In PLR 201833012, the Employer sponsors a defined contribution plan with a section 401(k) cash or deferred arrangement feature that is intended to qualify under Code Section 401(a) (the “Plan”). Eligible employees may elect to contribute a portion of his or her salary to the Plan on pre-tax or after-tax Roth 401(K) basis. If the elective contribution is equal to at least 2% of the employee’s salary during the pay period, the Employer makes a matching contribution equal to 5% of the employee’s compensation during the pay period. These matching contributions are made each payroll period.
The Employer proposed to amend the Plan to offer a student loan benefit program (the “Loan Program”) in which the Employer would make a nonelective contribution on behalf of the employee conditioned on the employee making student loan repayments. This Loan Program is voluntary and the employee can opt out at any time. If the employee elects to participate in the Loan Program, the employee would make a student loan repayment during a pay period equal to at least 2% of his or her salary for that pay period. The Employer would then make a student loan repayment nonelective contribution as soon as practicable after the end of the Plan year equal to 5% of the employee’s salary for that pay period. This nonelective contribution is made without regard to whether the employee made any elective contributions under the 401(k) feature of the Plan during the year. If the employee does not make a student loan repayment equal to at least 2% of his or her salary for a pay period but does make an elective contribution to the 401(k) component of the Plan, the Employer will make a matching contribution as soon as practicable after the end of the Plan year equal to 5% of the employee’s salary for that pay period (the “True-Up Matching Contribution”). To receive either the Loan Program benefits or the True-Up Matching Contributions, the employee would need to be employed with the Employer on the last day of the Plan year.
Both the Loan Program contributions and True-Up Matching Contributions will be subject to the same vesting schedule as the regular 401(k) matching contributions. All applicable Plan qualification requirements including vesting, eligibility, and distribution rules, contribution limits, and coverage and nondiscrimination testing will apply to the Loan Program contributions. The Loan Program contributions will not be treated as a matching contribution for purposes of any testing under or the requirements of section 401(m) of the Code. The True-Up Matching Contributions will be included as a matching contribution for purposes of any testing under or requirement of section 401(m) of the Code. In addition, the Employer will not extend any student loans to employees eligible for the Loan Program.

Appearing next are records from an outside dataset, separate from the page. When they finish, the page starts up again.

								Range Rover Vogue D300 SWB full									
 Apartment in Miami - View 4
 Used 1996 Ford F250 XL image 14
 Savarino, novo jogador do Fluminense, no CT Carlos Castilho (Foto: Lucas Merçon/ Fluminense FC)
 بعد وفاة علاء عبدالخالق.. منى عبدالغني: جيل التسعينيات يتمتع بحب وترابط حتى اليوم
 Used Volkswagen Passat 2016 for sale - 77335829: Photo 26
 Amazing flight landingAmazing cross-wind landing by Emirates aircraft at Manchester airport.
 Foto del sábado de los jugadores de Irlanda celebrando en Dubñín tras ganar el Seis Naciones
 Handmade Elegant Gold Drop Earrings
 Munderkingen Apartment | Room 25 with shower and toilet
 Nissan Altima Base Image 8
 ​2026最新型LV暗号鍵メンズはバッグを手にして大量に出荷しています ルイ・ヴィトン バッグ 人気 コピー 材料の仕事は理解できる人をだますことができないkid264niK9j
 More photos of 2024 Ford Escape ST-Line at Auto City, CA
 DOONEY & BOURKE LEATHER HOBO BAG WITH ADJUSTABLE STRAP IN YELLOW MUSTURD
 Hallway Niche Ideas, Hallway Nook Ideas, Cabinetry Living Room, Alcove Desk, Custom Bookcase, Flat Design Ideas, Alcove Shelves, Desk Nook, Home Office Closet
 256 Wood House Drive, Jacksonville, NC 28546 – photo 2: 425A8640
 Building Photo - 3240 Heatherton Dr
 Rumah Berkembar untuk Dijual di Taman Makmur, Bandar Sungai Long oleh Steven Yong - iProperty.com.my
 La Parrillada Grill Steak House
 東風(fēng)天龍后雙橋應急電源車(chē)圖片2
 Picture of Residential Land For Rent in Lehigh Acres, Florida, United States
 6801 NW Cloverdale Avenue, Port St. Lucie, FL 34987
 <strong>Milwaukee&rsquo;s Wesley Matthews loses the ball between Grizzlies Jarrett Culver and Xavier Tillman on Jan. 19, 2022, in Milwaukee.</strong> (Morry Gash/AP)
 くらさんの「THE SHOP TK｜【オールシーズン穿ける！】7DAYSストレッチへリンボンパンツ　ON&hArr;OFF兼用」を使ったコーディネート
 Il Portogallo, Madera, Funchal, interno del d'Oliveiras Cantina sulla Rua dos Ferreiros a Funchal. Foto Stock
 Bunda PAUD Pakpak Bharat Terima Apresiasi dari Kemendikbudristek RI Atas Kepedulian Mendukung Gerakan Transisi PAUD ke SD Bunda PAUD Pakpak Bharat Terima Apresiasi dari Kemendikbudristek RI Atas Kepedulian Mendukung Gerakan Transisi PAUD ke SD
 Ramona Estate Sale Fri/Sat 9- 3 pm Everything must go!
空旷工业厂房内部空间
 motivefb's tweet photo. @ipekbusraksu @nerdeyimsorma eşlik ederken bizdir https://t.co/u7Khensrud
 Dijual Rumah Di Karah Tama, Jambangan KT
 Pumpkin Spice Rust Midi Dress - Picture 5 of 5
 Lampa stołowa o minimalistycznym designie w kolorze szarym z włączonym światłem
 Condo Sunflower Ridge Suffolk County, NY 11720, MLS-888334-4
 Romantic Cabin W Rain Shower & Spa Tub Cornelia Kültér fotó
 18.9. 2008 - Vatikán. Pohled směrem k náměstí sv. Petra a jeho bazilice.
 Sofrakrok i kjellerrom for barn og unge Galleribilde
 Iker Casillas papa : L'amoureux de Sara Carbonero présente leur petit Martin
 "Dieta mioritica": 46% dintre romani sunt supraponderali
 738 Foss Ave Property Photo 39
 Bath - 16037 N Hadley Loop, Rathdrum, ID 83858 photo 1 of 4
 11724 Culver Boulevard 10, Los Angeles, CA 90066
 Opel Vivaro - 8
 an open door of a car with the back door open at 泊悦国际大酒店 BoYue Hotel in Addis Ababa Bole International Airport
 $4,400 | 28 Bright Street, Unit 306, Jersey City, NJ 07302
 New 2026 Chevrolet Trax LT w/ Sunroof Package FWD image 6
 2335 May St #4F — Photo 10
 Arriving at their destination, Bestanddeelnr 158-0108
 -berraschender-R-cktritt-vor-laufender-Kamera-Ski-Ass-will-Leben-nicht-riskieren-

Ruling Requested and IRS Conclusion
The Employer requested a ruling from the IRS that the Loan Program contributions would not violate the “contingent benefit” prohibitions of the Code and associated Treasury Regulations. Code Section 401(k)(4)(A) provides:
A cash or deferred arrangement of any employer shall not be treated as a qualified cash or deferred arrangement if any other benefit is conditioned (directly or indirectly) on the employee electing to have the employer make or not make contributions under the arrangement in lieu of receiving cash. The preceding sentence shall not apply to any matching contribution (as defined in section 401(m)) made by reason of such an election.
Treasury Regulation Section 1.401(k)-1(e)(6) provides:
A cash or deferred arrangement satisfies this paragraph (e) only if no other benefit is conditioned (directly or indirectly) upon the employee’s electing to make or not to make elective contributions under the arrangement. The preceding sentence does not apply to
(A) Any matching contribution (as defined in § 1.401(m)-1(a)(2)) made by reason of such an election….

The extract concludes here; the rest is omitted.